Recap of #AHES2015, incorporating the views of Senegalese students
Last week, I had the opportunity to participate in the African Higher Education Summit, welcoming nearly five hundred delegates including government officials, private sector stakeholders and university chancellors from across the continent. They met to discuss how to reinvigorate African higher education.
Kofi Annan was the keynote speaker, alongside Dr. Nkosazana Dlamini-Zuma, chairperson of the African Union and Macky Sall, president of Senegal. Oby Ezekwesili, former VP of World Bank Africa and champion of the #BringBackOurGirls campaign, also gave a rousing speech about the importance of good governance in all development efforts in Africa.
Kofi Annan said in his address that “No one is born a good citizen or a good democrat or a good leader; it takes time and education. Our institutions should instill in Africa’s young citizens a mindset and understanding of the world that inspires visionary and positive citizenship and leadership. They must therefore be melting-pots of diversity and incubators of pluralism which produce responsible citizens. They can build bridges between communities of young people in Africa, eroding the ethnic and religious divides that still plague the continent.”
The purpose of this summit was to address the needs of students. According to Mansour Diallo from the Virtual University of Senegal, this summit came at the perfect moment. Africans are conscious of their potential, and he is proud it took place in his home country. He believes the solutions for higher education need to come from within Africa, a subject that was touched upon in many discussions throughout the summit.
Thierno Ngom, president of the Student Research Association of the Alione Diop de Bambey University, noted he is excited to see despite the challenges students face in Senegal, there have been steps towards progress and the system is actually being used as a model in many discussions His classmate, Ousseynou Cisse, noted that in order to learn from other systems, though, it is not as simple as cutting and pasting. We need to look at local realities before adapting the models of others.
Another hot topic of the summit was about the African brain drain, and how to engage the diaspora to come back. Nigel Mugamu, founder of 263Chat, a social media movement informing and engaging citizens about news in his home country Zimbabwe, tweeted “Instead of going abroad, we should go to another African country to gain knowledge from each other.” This relates to a comment made by Francois Diouf, president of the Virtual University of Senegal’s Students Association. His concern is how to make African universities be valued internationally to avoid the brain drain. He hopes this revitalization will help provide African universities with prestige and value which will encourage Africans to remain in Africa.

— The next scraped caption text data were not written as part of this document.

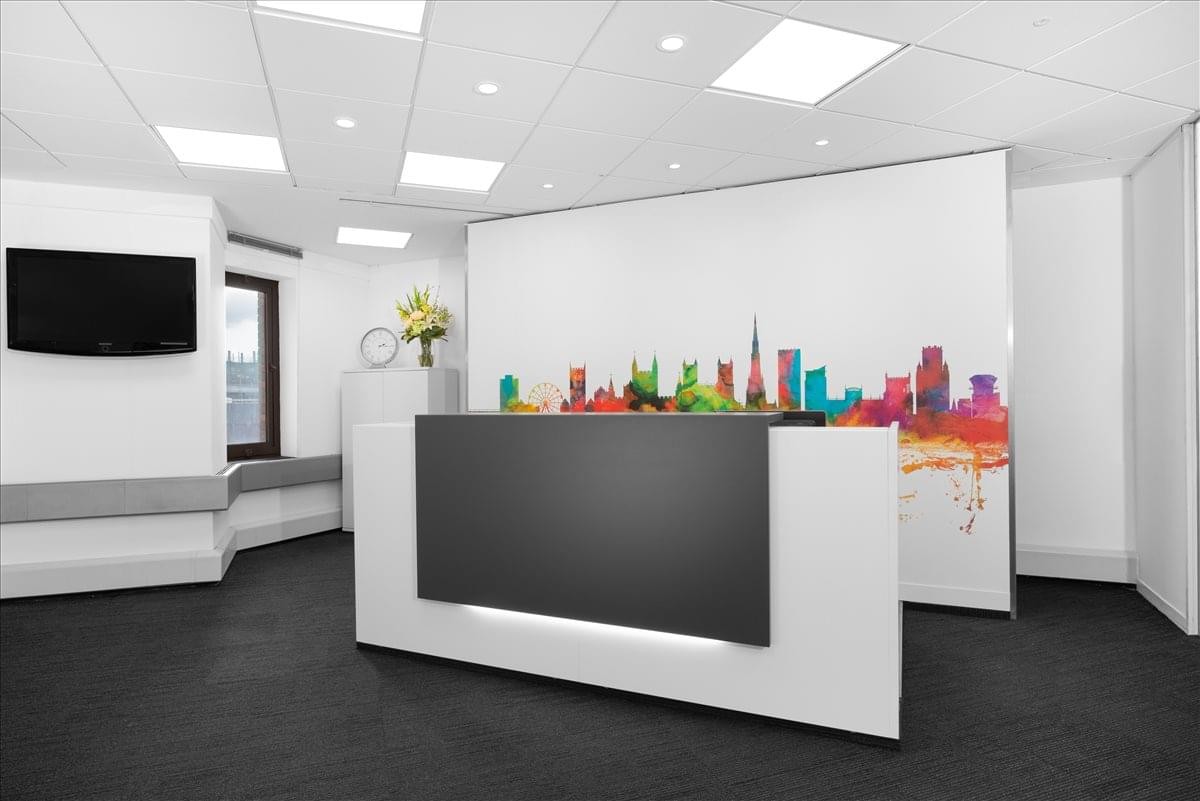 Professional reception area with a minimalist white desk and colorful skyline mural.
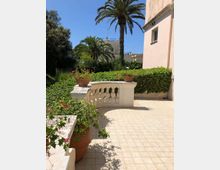 Terrazza piastrellata con balaustra in pietra chiara e vasi di fiori, affacciata su un giardino con siepi e alte palme. Sullo sfondo si vedono edifici chiari e cielo sereno.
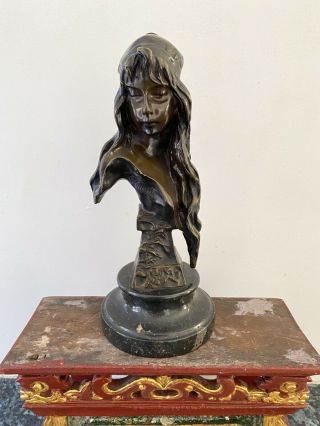 An Art Nouveau Bronze Head And Shoulders Bust Of A Girl On Marble Socle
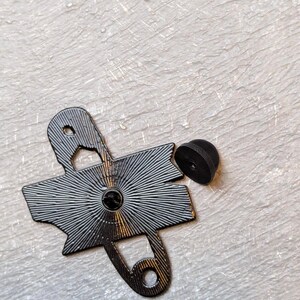 May include: A black enamel pin shaped like a safety pin, with a radiating design on the back. The pin has a small, round, black backing. The pin is on a textured, off-white surface.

The students at the conference were concerned about the lack of student representation from other countries. They wanted to mingle with others to talk about solutions they want for their own education. On a panel on national building and citizenship, Professor Godwin Murunga from Kenyatta University in Nairobi suggested that issues of Panafricanism are not resonating with the youth generation, and they are not thinking beyond borders. This would have been a perfect opportunity to engage youth in a conversation about thinking beyond borders and future of their continent.
Additionally, the students noted that during panels, speakers should have solicited questions from them, making it easier for them to voice their concerns in a public forum. They wanted to speak up, but often felt overpowered by those older and more experienced. Additionally, they fear ultimately, leaders will do what they want, without considering their needs.
In this light, I urge everyone who is working on the Call to Action and all stakeholders in higher education to put in place a system to be able to listen and react to what students want. Let’s put aside political and personal opinions and think about the youth in these institutions in order to really reinvigorate the higher education system.